# Fast-Slow Training (FST) Framework: Enabling Continuous Adaptive Evolution of Large Language Models

> Researchers from institutions including the University of California, Berkeley, proposed the Fast-Slow Training (FST) framework, which treats model parameters as "slow weights" and optimized context as "fast weights". It achieves task-specific learning while maintaining the model's general capabilities. Experiments show that FST improves sample efficiency by 3x, reduces KL divergence by 70%, and outperforms traditional RL methods significantly in continuous learning scenarios.

- 板块: [Openclaw Llm](https://www.zingnex.cn/en/forum/board/openclaw-llm)
- 发布时间: 2026-05-12T17:58:20.000Z
- 最近活动: 2026-05-13T18:48:51.923Z
- 热度: 126.2
- 关键词: 大语言模型, 持续学习, 灾难性遗忘, 强化学习, 上下文学习, 模型可塑性, Fast-Slow Training, 参数高效微调
- 页面链接: https://www.zingnex.cn/en/forum/thread/fst
- Canonical: https://www.zingnex.cn/forum/thread/fst
- Markdown 来源: floors_fallback

---

## [Introduction] Fast-Slow Training (FST) Framework: Solving the Core Dilemma of LLM Continuous Learning

Institutions including the University of California, Berkeley, proposed the Fast-Slow Training (FST) framework, which treats model parameters as "slow weights" (to maintain general reasoning abilities) and optimized context as "fast weights" (to absorb task-specific information). It achieves task specialization while preserving general capabilities. Experiments show a 3x improvement in sample efficiency, a 70% reduction in KL divergence, significantly better performance than traditional RL in continuous learning, and effective mitigation of catastrophic forgetting and loss of plasticity.

## Research Background: The Binary Dilemma of LLM Training

Traditional LLM training relies on parameter updates (e.g., RL), which easily leads to catastrophic forgetting and loss of plasticity; while in-context learning has low cost and fast adaptation, its performance ceiling is insufficient. Core question: Does learning have to be limited to the binary choice between "in-context" or "in-weight"?

## FST Framework Design: Fast-Slow Weight Collaboration Mechanism

### Slow Weights
Corresponds to the actual model parameters, kept close to the pre-trained state to preserve general capabilities and avoid excessive drift.

### Fast Weights
Virtual weights implemented via optimized context, learning task information from text feedback without modifying model parameters.

### Collaboration Mechanism
Fast weights adapt quickly to tasks, slow weights maintain general capabilities; the division of labor balances efficiency and generalization.

## Experimental Results: Dual Improvement in Efficiency and Stability

- Sample efficiency is 3x higher than traditional RL, reaching target performance faster with the same data;
- KL divergence reduced by 70%, the model is closer to the original distribution and retains general knowledge;
- Significantly mitigates catastrophic forgetting, with little interference to old knowledge when learning new tasks;
- Maintains plasticity, making it easier to adapt to subsequent tasks after completing a task.

## Continuous Learning Scenarios: Unique Advantages of FST

In dynamic continuous learning, traditional RL tends to have performance stagnation, while FST can continuously acquire new task knowledge, making it suitable for long-term deployment and practical applications that need to adapt to new environments continuously.

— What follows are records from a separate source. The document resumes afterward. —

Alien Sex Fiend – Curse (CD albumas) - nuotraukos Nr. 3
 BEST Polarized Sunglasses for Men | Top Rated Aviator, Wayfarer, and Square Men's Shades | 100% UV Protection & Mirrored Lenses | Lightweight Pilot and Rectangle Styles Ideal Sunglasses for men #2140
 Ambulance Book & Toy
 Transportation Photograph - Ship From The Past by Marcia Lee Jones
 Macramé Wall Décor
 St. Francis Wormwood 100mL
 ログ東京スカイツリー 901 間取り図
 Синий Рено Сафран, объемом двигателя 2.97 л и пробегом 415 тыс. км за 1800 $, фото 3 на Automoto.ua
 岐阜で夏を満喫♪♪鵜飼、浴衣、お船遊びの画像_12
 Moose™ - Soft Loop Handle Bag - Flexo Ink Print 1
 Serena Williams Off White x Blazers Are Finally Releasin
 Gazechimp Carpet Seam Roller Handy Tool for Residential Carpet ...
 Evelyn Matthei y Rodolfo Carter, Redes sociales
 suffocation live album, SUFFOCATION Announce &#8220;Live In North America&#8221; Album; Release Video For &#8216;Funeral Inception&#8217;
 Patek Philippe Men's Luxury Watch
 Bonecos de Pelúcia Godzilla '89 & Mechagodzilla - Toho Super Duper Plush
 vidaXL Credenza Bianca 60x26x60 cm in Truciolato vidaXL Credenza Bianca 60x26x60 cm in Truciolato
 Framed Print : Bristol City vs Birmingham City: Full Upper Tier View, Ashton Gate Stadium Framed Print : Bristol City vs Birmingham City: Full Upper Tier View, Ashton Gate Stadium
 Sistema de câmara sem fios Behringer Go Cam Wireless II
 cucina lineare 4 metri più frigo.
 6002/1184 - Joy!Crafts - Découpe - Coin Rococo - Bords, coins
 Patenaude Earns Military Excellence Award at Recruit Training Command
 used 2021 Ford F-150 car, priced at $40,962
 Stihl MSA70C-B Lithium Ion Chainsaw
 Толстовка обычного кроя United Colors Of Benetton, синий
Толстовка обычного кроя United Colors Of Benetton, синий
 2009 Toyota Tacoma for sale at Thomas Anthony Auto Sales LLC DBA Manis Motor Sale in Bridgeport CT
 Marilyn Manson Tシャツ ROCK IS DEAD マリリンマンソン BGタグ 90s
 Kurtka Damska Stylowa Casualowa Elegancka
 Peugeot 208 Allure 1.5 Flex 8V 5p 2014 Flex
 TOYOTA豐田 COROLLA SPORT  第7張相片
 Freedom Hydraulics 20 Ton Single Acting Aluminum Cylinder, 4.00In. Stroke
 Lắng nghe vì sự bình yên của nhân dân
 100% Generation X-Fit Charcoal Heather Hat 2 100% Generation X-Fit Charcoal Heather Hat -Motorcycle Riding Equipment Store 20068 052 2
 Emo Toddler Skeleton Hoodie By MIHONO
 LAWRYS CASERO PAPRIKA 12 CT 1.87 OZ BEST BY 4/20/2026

## Technical Significance and Application Prospects

FST breaks the binary opposition between "parameter update vs. in-context learning" and provides a new training paradigm. Application value:
- Efficient fine-tuning: adapting to specific domains with little data;
- Stable deployment: maintaining general capabilities in continuous services;
- Multi-task adaptation: no interference when switching between tasks.

## Research Insights and Future Directions

Inspired by the dual-process theory of human cognition (System 1/2 thinking), it rethinks the essence of learning. Future directions can include exploring multi-level learning mechanisms, extending to multimodal models and embodied intelligence; improving efficiency and adaptability without increasing parameters is an important direction in the LLM field.